Ce que ces trois séries du jour (et d’autres, à l’instar de Survivor’s Remorse ou All American) nous disent, chacune à sa façon, ce n’est pas simplement que certains hommes sont destinés à de grandes choses. C’est que le sport a été, est, et sera probablement pendant un moment encore, l’un des rares outils de progression sociale disponible pour certains groupes désavantagés. Diego dans Maradona: Sueño Bendito, Colin dans Colin in Black & White et Jace dans Swagger n’ont pas seulement redoublé d’efforts pour l’amour du sport, bien que la passion les anime aussi, mais dans l’espoir d’en tirer quelque chose : un avenir. Être performant, c’est espérer tirer le gros lot à la loterie de la société. Le sport permet de devenir quelqu’un… au moins pour les rares élus qui parviennent à en faire leur carrière. D’ailleurs on ne raconte jamais l’ascension spectaculaire d’un fils de millionnaire qui a trouvé la gloire et la fortune par le sport…
On ne devient pas une superstar du football, ou du football américain, ou du basket, ou de quelque sport que ce soit, sans adhérer au mythe que le sport nous sauvera. Mais il ne sauvera pas tout le monde, et pas sans contrepartie… Lorsque ces séries commencent, leur héros est encore jeune, mais que devra-t-il sacrifier au nom de cette réussite tant espérée ?
Ces séries modernes sur des personnalités sportives (réelles ou imaginaires) ne se contentent plus, comme ont jadis pu le faire d’autres fictions équivalentes, de parler du sport pour le sport.
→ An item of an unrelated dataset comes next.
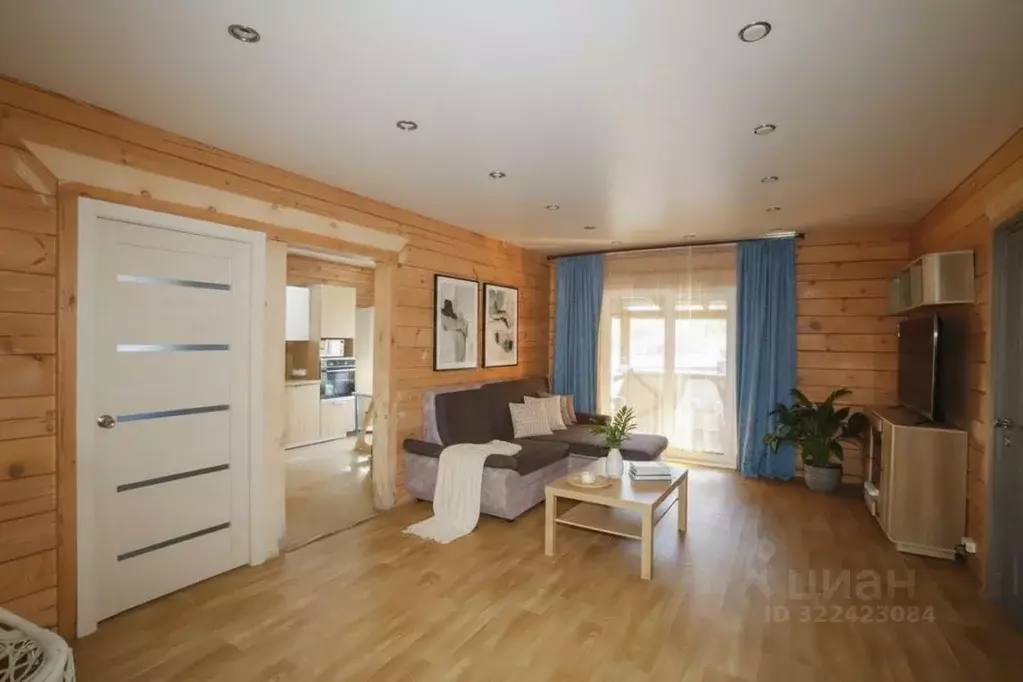 Дом в Иркутская область, Шелеховский район, с. Баклаши Шелеховская ... - Фото 2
L’effort comme simple dépassement de soi. La performance en tant que fait de gloire. Le sport a une dimension sociale, économique, historique même, dans la construction des individus, des communautés et des pays, que ces fictions refusent d’ignorer.
Malgré ses maladresses, ce premier épisode de Maradona: Sueño Bendito rappelle aussi, implicitement, par les nombreuses images d’archives et l’accent mis sur les interviews du jeune Diego, que ce mythe de la progression sociale par le sport s’auto-entretient. Il tient aux mêmes médias qui l’ont construit, de le déconstruire. C’est, au moins en partie, ce que tentent de faire les trois séries sportives qui ont débuté aujourd’hui.